Describe the two types of mechanisms of local control

Acute:
1. Rapid changes in local constriction of arterioles.
2. Occurs in seconds to minutes.
3. Maintenance of local blood flow.

b. Chronic:
1. Long term reconstruction of the vasculature by
increasing or decreasing sizes or numbers of vessels.
2. Occurs in days, weeks or months.

2

What two things will change local local blood flow?

1. Blood flow is affected by rate of tissue metabolism.

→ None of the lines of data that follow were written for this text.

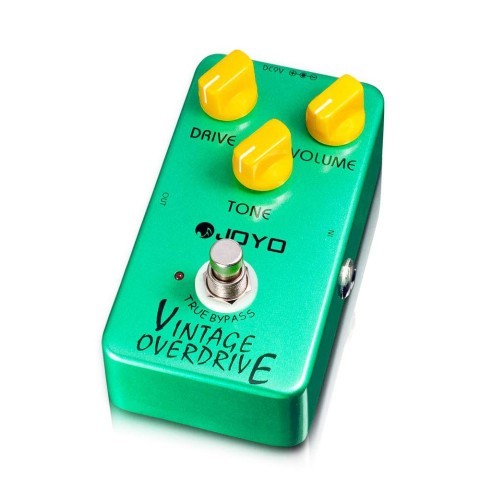 Overdrive ivntage pedale de guitage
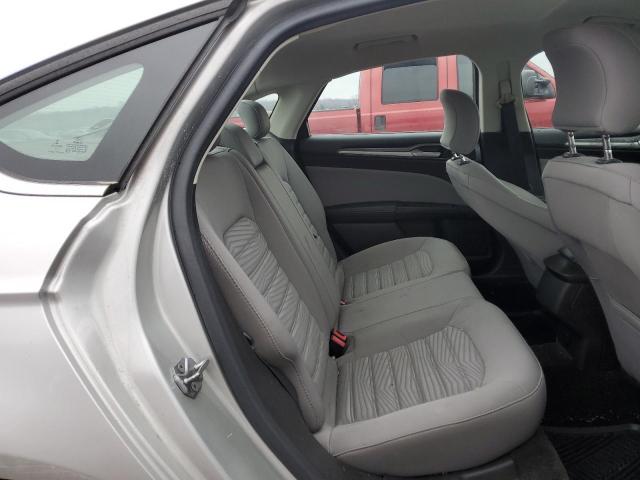 Photo 10 from auction – 2016 FORD FUSION S with VIN 3FA6P0G75GR296478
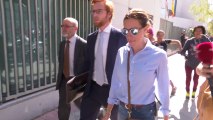 Miki Nadal, condenado por vejaciones leves a su expareja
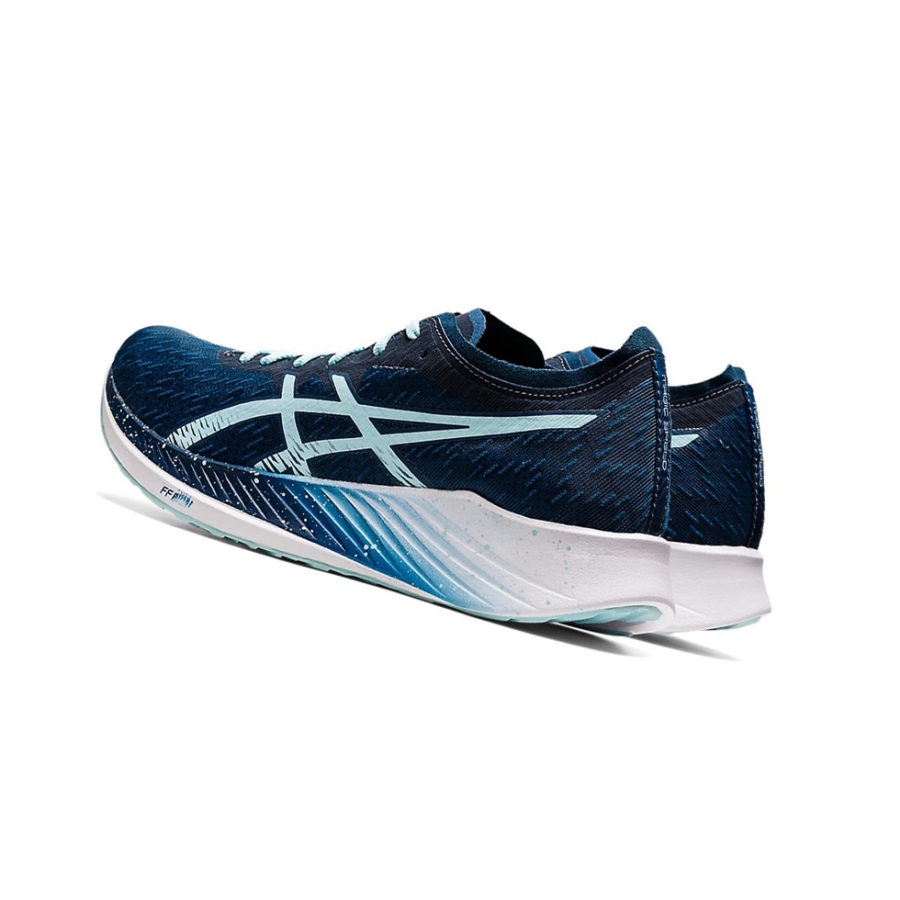 Mako Blue / Clear Blue Women's Asics MAGIC SPEED Running Shoes | US53640JA - Asics Outlet Sale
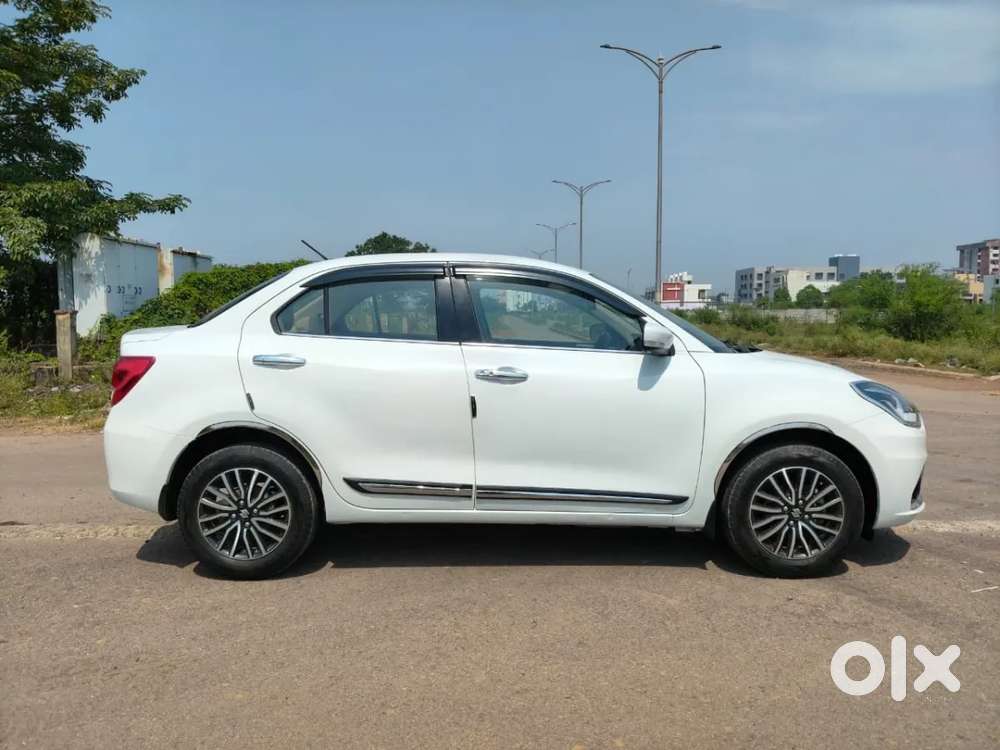 Maruti Suzuki Dzire 1.2 Zxi Plus, 2022, Petrol
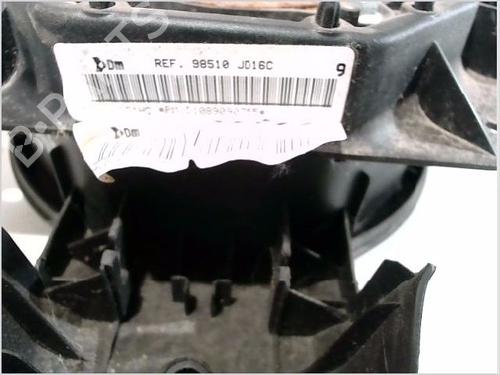 Førerens kollisjonspute NISSAN QASHQAI I (J10, NJ10) 2.0 dCi | BP29890332C9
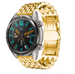 Correa acero dragón Huawei Watch GT/GT 2 (dorado)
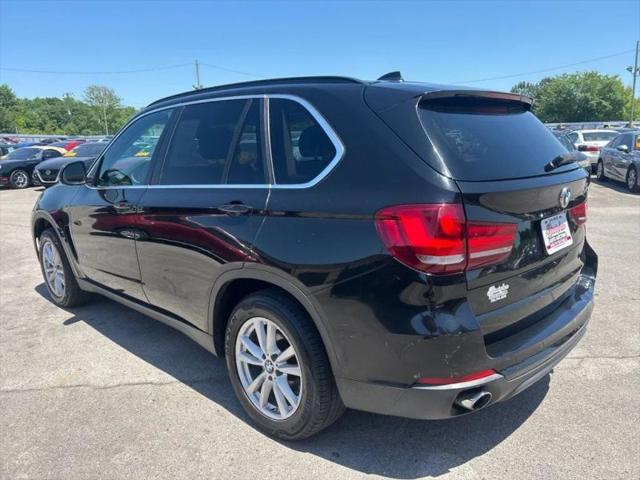 2015 BMW X5 xDrive35i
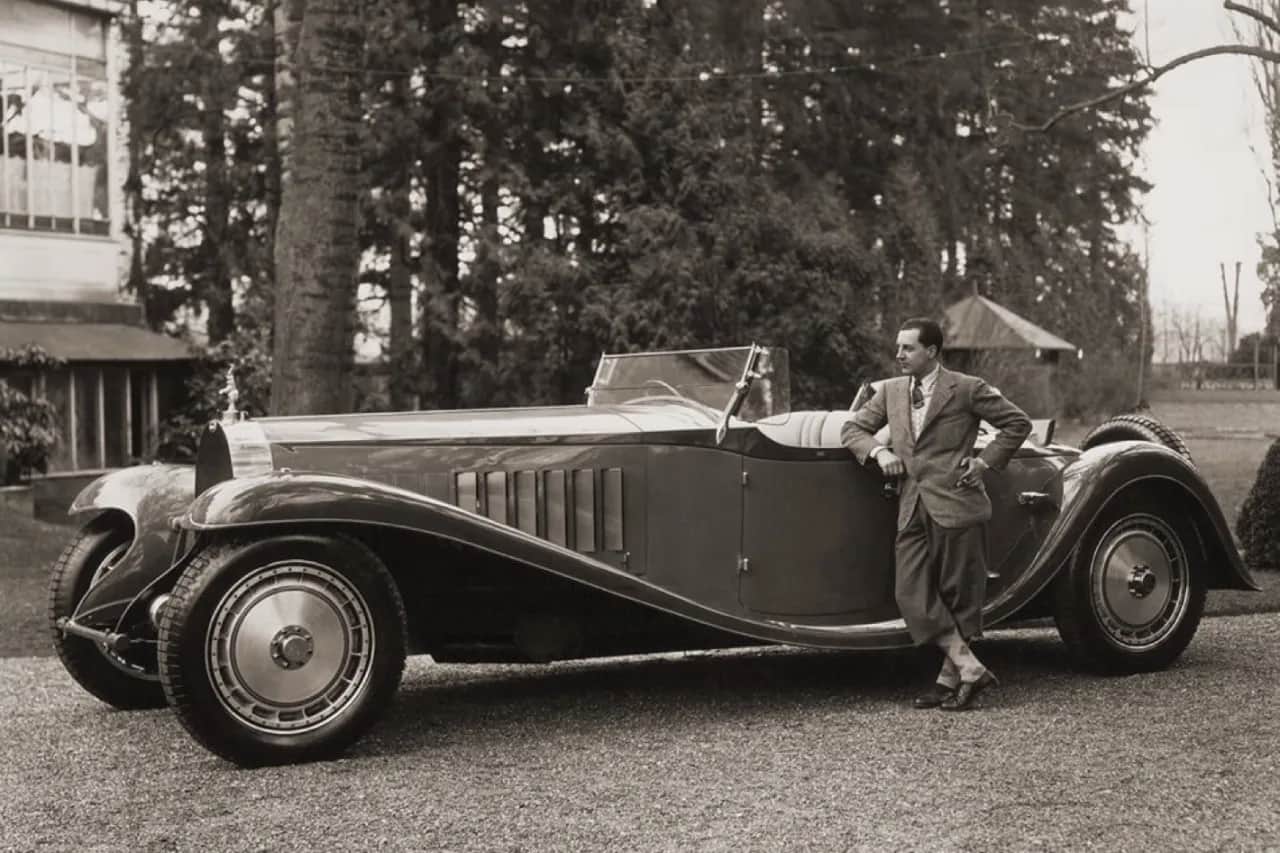 Bugatti ubrania co to za firma - historia, oferta i jakość marki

An eight-fold increase in metabolism results in a four-
fold increase in blood flow with flow increase lagging

behind increase in metabolic rate.



2. Blood flow is affected by oxygen availability.

Oxygen availability to tissues decreases at the top of a

mountain, in pneumonia, in CO poisoning or upon

exposure to cyanide requiring an alteration in blood flow

to compensate.





A decrease in oxygen saturation to 25% normal results in

a three-fold increase in blood flow.

3

What are two explanations of how decreased O2 and increased metab. lead to changes in blood flow?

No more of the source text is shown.